Over the last decade there has been a dramatic evolution in the treatment of peripheral arterial disease with less invasive endovascular therapy far surpassing conventional open surgery as the first line therapy in the majority of cases. According to Dr. Bruce A. Perler, President of the Society for Vascular Surgery, “Vascular surgeons are truly comprehensive vascular specialists who perform both endovascular and open vascular surgical procedures, as well as medical management, and therefore have a unique perspective on the relative risks and benefits of treatment options for peripheral arterial disease.” Utilizing a community-based registry including more than 1,800 patients, Tsai, et al. found that while endovascular therapy was associated with fewer complications in the 30 day peri-procedural period, the rate of target lesion revascularization was significantly higher at one and three years following the procedure.

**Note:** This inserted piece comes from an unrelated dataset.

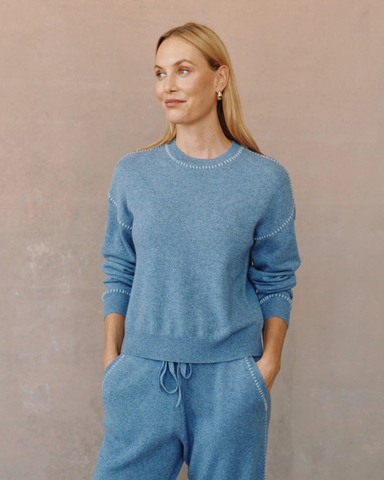 The Whip Stitched Crew Neck Sweater - Heather Blue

According to Dr. Perler, “These results are not unexpected, and are certainly consistent with the information we’ve been developing from our Vascular Quality Initiative which now includes more than 300,000 cases. While the less invasive approach to treating arterial occlusive disease would be expected to be associated with a lower rate of complications, and this is obviously appealing to patients and practitioners, the implications of the higher rate of subsequent reinterventions should not be ignored and will become an increasingly important consideration as we enter this era of value- based reimbursement with an emphasis on longitudinal care and bundled payments in the American health care system. In other words, will the lower rate of early complications be more than counterbalanced by a need for repeat interventions and greater costs mid- and long-term.”
The Society for Vascular Surgery has had a long-standing interest in cost efficacy analyses of treatment options. “As we continue to develop and publish clinical practice guidelines, in the future we will be including the relative costs of alternate treatment options in assessing and determining the most appropriate treatment option for our patients. In that regard, this study raises important questions that our research will address,” Dr. Perler said.